Activity:
For the entries that follow, retype exactly the lines from the one containing "California State Route" to the one containing "Stepping Into Tomorrow", inclusive, and only those. Images stay out of the copy.

Supplied records:
***

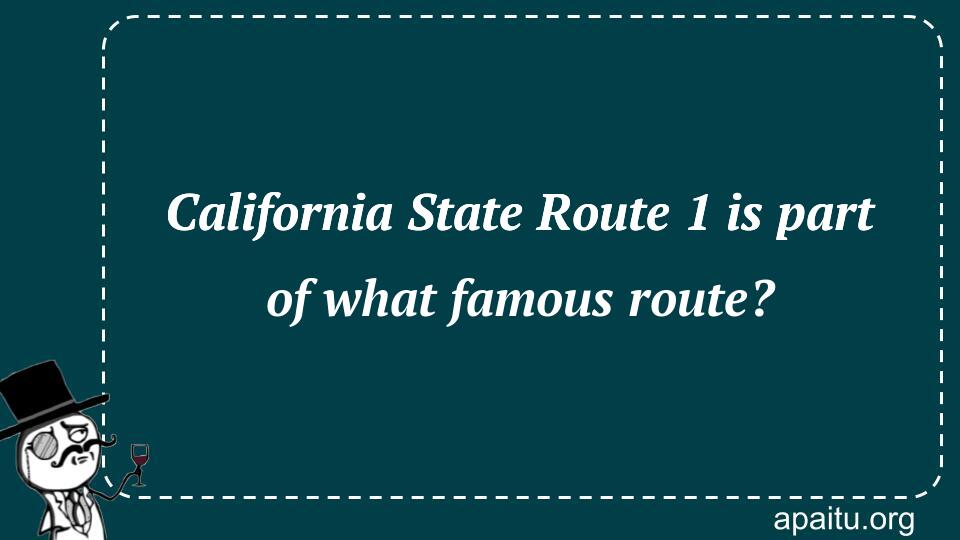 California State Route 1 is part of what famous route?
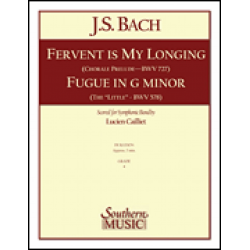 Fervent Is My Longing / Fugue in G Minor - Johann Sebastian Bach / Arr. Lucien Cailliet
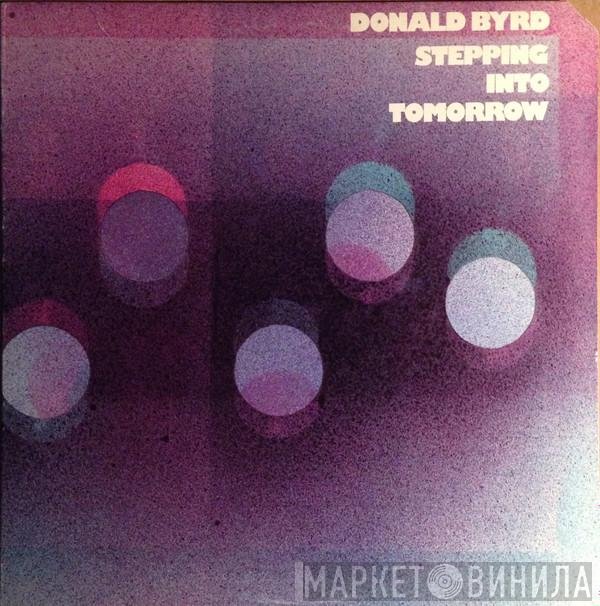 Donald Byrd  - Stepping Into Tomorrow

***

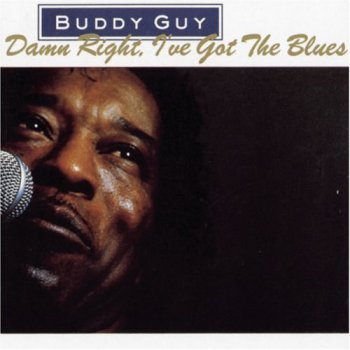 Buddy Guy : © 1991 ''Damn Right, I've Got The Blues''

***

Task response:
 California State Route 1 is part of what famous route?
 Fervent Is My Longing / Fugue in G Minor - Johann Sebastian Bach / Arr. Lucien Cailliet
 Donald Byrd  - Stepping Into Tomorrow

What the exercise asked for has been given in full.